Je me reposai six jours dans ce village, où je reçus la visite d’un jeune homme de belle prestance accompagné d’une suite nombreuse, qui me dit être le fils du cacique ; il m’apportait de l’or, des poules et mettait sa personne et sa province au service de Votre Majesté. Il me dit que son père était mort : je lui en exprimai tous mes regrets, encore que je n’en crusse rien ; je lui fis présent d’un collier de perles de Flandres que j’avais au cou, ce dont il fut très flatté. Il resta deux jours près de moi.
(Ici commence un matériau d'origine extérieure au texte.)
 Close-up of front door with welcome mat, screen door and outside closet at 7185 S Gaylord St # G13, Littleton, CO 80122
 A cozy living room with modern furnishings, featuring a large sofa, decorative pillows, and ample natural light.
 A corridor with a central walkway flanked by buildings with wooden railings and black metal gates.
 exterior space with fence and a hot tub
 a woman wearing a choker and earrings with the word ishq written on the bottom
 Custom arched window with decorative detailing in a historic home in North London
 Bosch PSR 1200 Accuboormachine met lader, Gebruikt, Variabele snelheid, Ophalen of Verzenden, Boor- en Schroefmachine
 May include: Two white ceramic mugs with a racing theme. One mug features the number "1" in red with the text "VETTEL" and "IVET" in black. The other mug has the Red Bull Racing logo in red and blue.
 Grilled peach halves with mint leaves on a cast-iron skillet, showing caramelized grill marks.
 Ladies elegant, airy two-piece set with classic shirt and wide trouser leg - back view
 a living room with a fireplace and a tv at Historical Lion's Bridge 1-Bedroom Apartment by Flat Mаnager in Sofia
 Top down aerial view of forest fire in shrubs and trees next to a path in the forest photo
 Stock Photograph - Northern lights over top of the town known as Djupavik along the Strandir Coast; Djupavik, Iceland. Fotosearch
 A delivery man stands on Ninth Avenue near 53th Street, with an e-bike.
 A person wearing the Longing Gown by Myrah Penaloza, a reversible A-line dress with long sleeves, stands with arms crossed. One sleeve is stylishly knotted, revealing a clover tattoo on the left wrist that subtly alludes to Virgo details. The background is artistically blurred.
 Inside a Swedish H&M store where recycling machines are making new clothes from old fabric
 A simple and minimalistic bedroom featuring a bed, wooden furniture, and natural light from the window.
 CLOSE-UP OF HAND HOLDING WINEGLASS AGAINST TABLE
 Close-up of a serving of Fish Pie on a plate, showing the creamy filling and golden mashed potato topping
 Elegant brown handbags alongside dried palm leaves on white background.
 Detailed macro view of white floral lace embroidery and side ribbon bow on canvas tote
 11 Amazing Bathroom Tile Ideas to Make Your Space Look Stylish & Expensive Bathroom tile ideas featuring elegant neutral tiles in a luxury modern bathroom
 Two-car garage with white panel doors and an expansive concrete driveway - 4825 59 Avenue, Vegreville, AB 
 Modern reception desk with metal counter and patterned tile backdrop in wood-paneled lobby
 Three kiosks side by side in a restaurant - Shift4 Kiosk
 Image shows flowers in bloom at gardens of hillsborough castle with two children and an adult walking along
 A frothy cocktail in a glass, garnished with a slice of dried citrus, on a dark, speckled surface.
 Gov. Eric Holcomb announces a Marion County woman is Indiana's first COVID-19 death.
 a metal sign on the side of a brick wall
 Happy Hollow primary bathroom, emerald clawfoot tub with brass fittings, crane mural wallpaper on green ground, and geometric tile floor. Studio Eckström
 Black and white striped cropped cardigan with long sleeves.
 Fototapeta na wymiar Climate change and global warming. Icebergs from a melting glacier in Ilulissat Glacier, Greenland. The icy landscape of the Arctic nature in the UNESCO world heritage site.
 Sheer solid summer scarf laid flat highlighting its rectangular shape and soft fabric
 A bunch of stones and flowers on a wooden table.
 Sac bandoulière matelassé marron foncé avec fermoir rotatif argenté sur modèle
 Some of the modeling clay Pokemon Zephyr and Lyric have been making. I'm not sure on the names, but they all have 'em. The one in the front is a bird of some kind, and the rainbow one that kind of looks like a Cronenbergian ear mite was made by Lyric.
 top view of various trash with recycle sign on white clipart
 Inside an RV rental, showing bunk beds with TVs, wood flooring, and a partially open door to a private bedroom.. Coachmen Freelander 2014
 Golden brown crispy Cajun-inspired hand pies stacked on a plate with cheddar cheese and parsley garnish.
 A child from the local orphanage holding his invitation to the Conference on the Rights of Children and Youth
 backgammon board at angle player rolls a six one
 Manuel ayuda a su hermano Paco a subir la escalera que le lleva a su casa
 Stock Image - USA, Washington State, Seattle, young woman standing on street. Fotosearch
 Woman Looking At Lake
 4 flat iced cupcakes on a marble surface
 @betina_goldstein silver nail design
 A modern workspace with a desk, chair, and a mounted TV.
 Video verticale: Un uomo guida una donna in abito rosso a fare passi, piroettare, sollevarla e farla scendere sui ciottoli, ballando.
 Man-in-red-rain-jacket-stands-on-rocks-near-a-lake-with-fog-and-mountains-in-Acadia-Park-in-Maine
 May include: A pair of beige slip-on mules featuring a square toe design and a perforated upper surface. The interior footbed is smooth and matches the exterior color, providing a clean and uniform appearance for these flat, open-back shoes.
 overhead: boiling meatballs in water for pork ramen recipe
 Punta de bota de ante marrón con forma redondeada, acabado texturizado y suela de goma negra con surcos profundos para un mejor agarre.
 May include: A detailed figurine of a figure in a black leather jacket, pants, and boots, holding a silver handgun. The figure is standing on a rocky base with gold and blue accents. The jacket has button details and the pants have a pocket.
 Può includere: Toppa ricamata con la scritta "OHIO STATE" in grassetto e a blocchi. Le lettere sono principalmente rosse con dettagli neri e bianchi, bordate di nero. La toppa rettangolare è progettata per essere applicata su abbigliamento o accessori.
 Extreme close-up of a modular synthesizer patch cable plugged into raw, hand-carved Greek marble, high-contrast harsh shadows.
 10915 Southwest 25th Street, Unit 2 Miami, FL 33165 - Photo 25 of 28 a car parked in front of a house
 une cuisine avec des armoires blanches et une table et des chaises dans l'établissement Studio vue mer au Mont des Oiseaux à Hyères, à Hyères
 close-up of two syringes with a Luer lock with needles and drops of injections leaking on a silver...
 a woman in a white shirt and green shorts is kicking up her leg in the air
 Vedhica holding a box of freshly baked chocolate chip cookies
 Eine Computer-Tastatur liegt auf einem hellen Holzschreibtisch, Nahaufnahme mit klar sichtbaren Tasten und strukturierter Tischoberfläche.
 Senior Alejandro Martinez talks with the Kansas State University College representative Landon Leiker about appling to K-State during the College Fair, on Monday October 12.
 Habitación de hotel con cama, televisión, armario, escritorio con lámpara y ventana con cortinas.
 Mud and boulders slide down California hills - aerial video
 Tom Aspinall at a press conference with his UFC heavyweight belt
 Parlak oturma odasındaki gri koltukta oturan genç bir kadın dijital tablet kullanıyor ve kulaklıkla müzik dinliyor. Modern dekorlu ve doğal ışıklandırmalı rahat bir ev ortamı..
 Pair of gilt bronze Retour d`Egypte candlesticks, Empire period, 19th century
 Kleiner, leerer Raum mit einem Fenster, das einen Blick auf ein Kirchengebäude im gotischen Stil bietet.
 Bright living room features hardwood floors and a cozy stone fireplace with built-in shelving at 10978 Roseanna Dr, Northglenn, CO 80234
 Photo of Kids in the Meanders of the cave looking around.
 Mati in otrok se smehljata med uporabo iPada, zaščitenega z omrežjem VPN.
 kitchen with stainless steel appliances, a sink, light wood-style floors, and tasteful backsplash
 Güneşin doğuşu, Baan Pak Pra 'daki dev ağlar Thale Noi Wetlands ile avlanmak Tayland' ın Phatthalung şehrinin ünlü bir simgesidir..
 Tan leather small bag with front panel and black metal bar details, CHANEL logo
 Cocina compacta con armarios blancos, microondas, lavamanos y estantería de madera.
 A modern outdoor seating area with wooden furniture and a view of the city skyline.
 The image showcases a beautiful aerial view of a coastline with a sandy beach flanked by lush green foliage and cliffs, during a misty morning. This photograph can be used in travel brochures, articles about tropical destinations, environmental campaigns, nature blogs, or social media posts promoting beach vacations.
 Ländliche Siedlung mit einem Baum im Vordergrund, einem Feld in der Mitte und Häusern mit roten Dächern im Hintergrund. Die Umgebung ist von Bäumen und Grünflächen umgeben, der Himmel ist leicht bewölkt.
Un autre Indien de ce village qui s’en prétendait le cacique, me dit qu’il possédait un autre village près de là, plus important, où je trouverais de meilleurs quartiers et des vivres en plus grande abondance ; il m’invitait à m’y installer parce que j’y serais beaucoup mieux. J’acceptai ; j’envoyai ouvrir la route, je fis lever le camp et nous allâmes à ce village qui se trouvait à cinq lieues du premier, où les habitants nous attendaient en toute sécurité. Ils avaient préparé, pour nous recevoir, tout un côté du village qui est fort beau et qui s’appelle Teutiaccaa. Il possédait de superbes temples ; deux surtout où l’on nous avait logés, et d’où nous jetâmes les idoles au dehors, ce qui ne parut pas les beaucoup affecter, car je leur avais déjà fait sentir l’erreur dans laquelle ils croupissaient ; je leur avais dit qu’il n’avait qu’un dieu créateur de tout ce qui existe ; j’y ajoutai une foule de choses, mais je m’adressai principalement au cacique que je m’efforçais de convertir.